Syslog is a standard for computer message logging. It permits separation of the software that generates messages from the system that stores them and the software that reports and analyzes them.
Syslog can be used for computer system management and security auditing as well as generalized informational, analysis, and debugging messages. It is supported by a wide variety of devices (like printers and routers) and receivers across multiple platforms. Because of this, syslog can be used to integrate log data from many different types of systems into a central repository.
Messages are labeled with a facility code (one of: auth, authpriv, daemon, cron, ftp, lpr, kern, mail, news, syslog, user, uucp, local0 ... local7) indicating the type of software that generated the messages, and are assigned a severity (one of: Emergency, Alert, Critical, Error, Warning, Notice, Info, Debug).
Implementations are available for many operating systems. Specific configuration may permit directing messages to various devices (console), files (/var/log/) or remote syslog servers. Most implementations also provide a command line utility, often called logger, that can send messages to the syslog. Some implementations permit the filtering and display of syslog messages.
- 1 History
- 2 Outlook
- 3 Facility levels
- 4 Severity levels
- 5 Format of a Syslog packet
- 6 Limitations
- 7 Protocol
- 8 Internet standards
- 9 See also
- 10 References
- 11 External links
Syslog was developed in the 1980s by Eric Allman as part of the Sendmail project, and was initially used solely for Sendmail. It proved so valuable that other applications began using it as well. Syslog has since become the standard logging solution on Unix and Unix-like systems; there have also been a variety of syslog implementations on other operating systems and is commonly found in network devices such as routers.

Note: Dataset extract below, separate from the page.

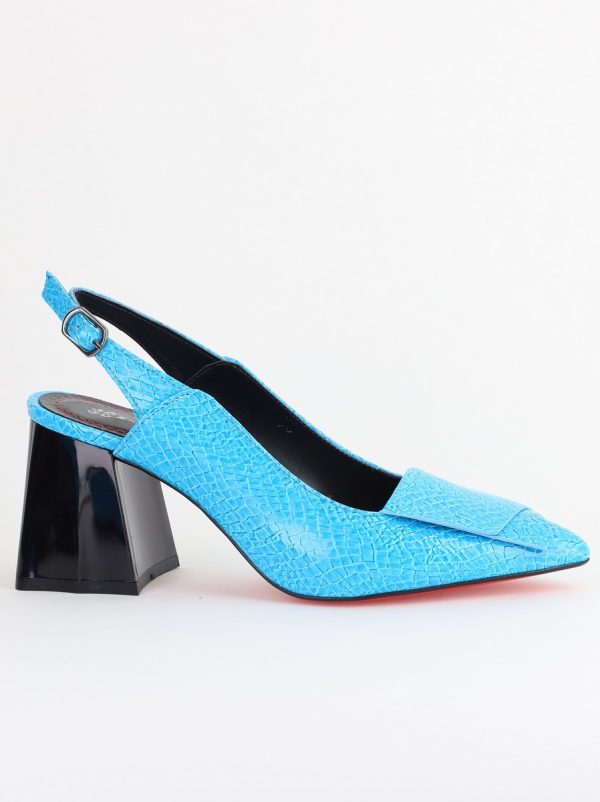 Pantofi damă cu Toc Eleganti Decupați din Piele Ecologica culoare Albastru - BS20021AY2405583 176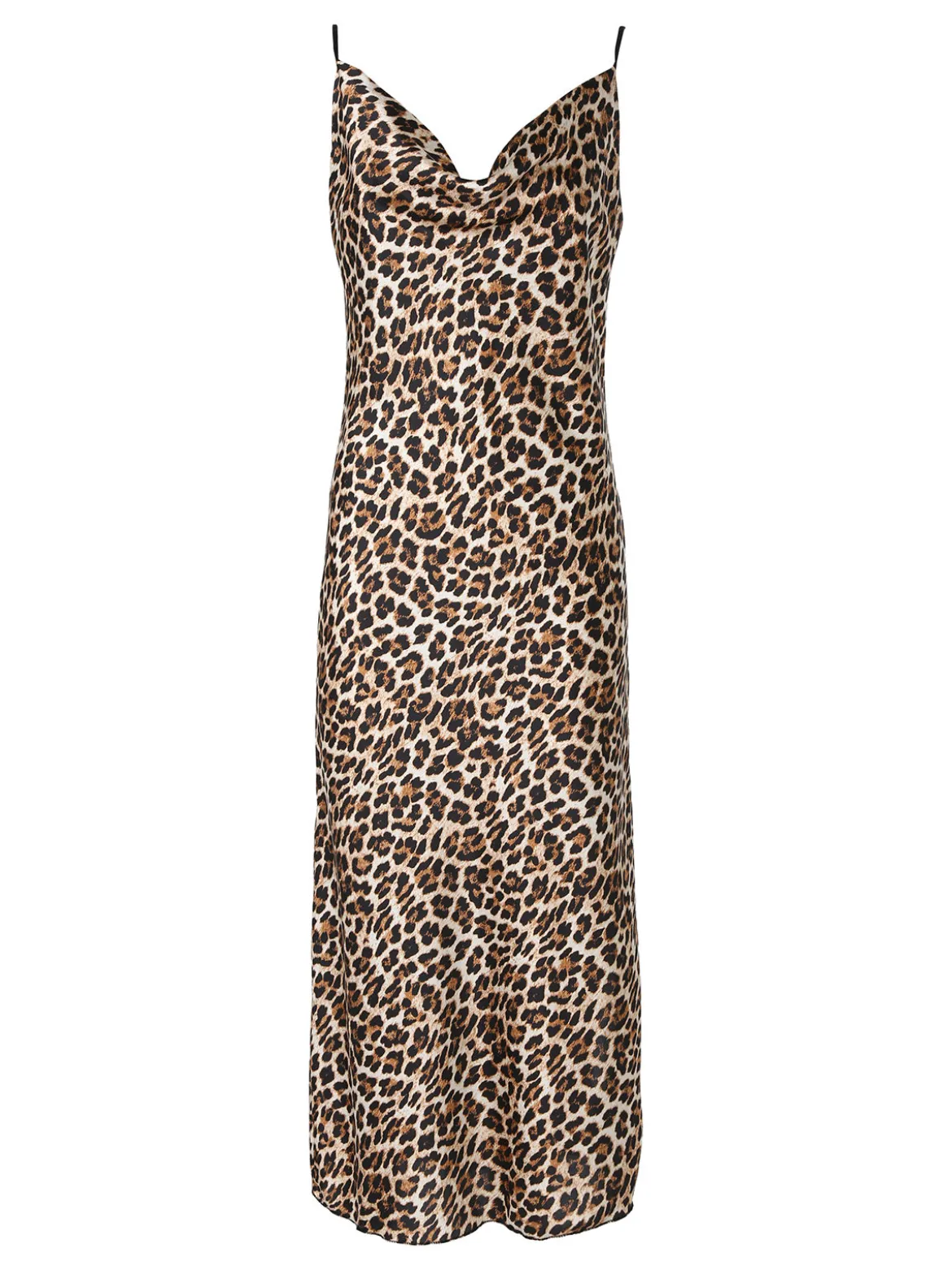 Solada Abito donna animalier con scollo a cascata e spalline sottili - multicolore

Syslog functioned as a de facto standard, without any authoritative published specification, and many implementations existed, some of which were incompatible. The Internet Engineering Task Force documented the status quo in RFC 3164. It was made obsolete by subsequent additions in RFC 5424.
Various groups are working on draft standards detailing the use of syslog for more than just network and security event logging, such as its proposed application within the health care environment.
Regulations, such as SOX, PCI DSS, HIPAA, and many others are requiring organizations to implement comprehensive security measures, which often include collecting and analyzing logs from many different sources. Syslog has proven to be an effective format to consolidate logs, as there are many open source and proprietary tools for reporting and analysis. Converters exist from Windows Event Log as well as other log formats to syslog.
An emerging area of managed security services is the collection and analysis of syslog records for organizations. Companies calling themselves Managed Security Service Providers attempt to apply analytics techniques (and sometimes artificial intelligence algorithms) to detect patterns and alert customers to problems.
A facility level is used to specify what type of program is logging the message. This lets the configuration file specify that messages from different facilities will be handled differently. The list of facilities available: (defined by RFC 3164)
|Facility Number||Keyword||Facility Description|
|5||syslog||messages generated internally by syslogd|
|6||lpr||line printer subsystem|
|7||news||network news subsystem|
|16||local0||local use 0 (local0)|
|17||local1||local use 1 (local1)|
|18||local2||local use 2 (local2)|
|19||local3||local use 3 (local3)|
|20||local4||local use 4 (local4)|
|21||local5||local use 5 (local5)|
|22||local6||local use 6 (local6)|
|23||local7||local use 7 (local7)|
The mapping between Facility Number and Keyword is not uniform over different operating systems and different syslog implementations.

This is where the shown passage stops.